To the contrary, cable subscribers would be confused if channel lineups changed because the FCC revised its rules as sought by MSTV and NAB, Comcast said. “There is no reason for the Commission to disrupt these arrangements with which consumers are already familiar,” the company said. The digital shift could be hurt by such “unnecessary confusion,” it said. With the analog cutoff 11 months away, “there is no room for further dithering on the things that can be done, and no time for additional detours or missteps,” Comcast said. “At this juncture, imposing any additional burdens on cable operators is entirely unwarranted, and to do so would materially increase the likelihood that significant elements of the Commission’s regime will be undone on judicial review.”

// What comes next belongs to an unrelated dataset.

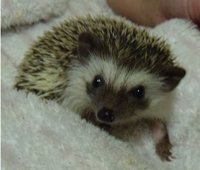 hedgehog.jpg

MSTV and NAB erred in earlier comments on the FCC notice when they claimed that cable set-top boxes can put standard definition and high definition signals on the same channel by using a two-part numbering scheme, such as 4-1 and 4-2 for signals of broadcast channel 4, said NCTA. The boxes only display one-part channel numbers, such as 401 and 402 for multicasts, it said. Far from the “overnight software download” that MSTV and NAB said will allow two-part numbering, NCTA said, cable operators would need to spend millions of dollars swapping out set-tops and changing program-guide data. Broadcasters’ “grasp of cable technology on this score is similarly mistaken,” NCTA said. “Set-top boxes already in the field typically do not operate this way.”

Dish Network agrees with NCTA that the FCC shouldn’t tell pay-TV providers where to place channels, it said. “Each provider has its own unique programing guide, channel placement and channel organizational structure,” said the satellite-TV company. Pay TV providers, especially all- digital outfits, “should have the flexibility to deliver digital broadcast signals in a manner that minimizes subscriber confusion or disruption on their system,” Dish said. DirecTV didn’t weigh in on that point. NAB and MSTV said DirecTV uses two-part numbering. The groups said DirecTV labels WNBC New York Channel 4 as channel 4.1 and WNBC-DT2 as 4.2. “DirecTV does exactly what NCTA says cannot be done,” they said. “In the digital world, the assignment of virtual channels will resolve most issues.”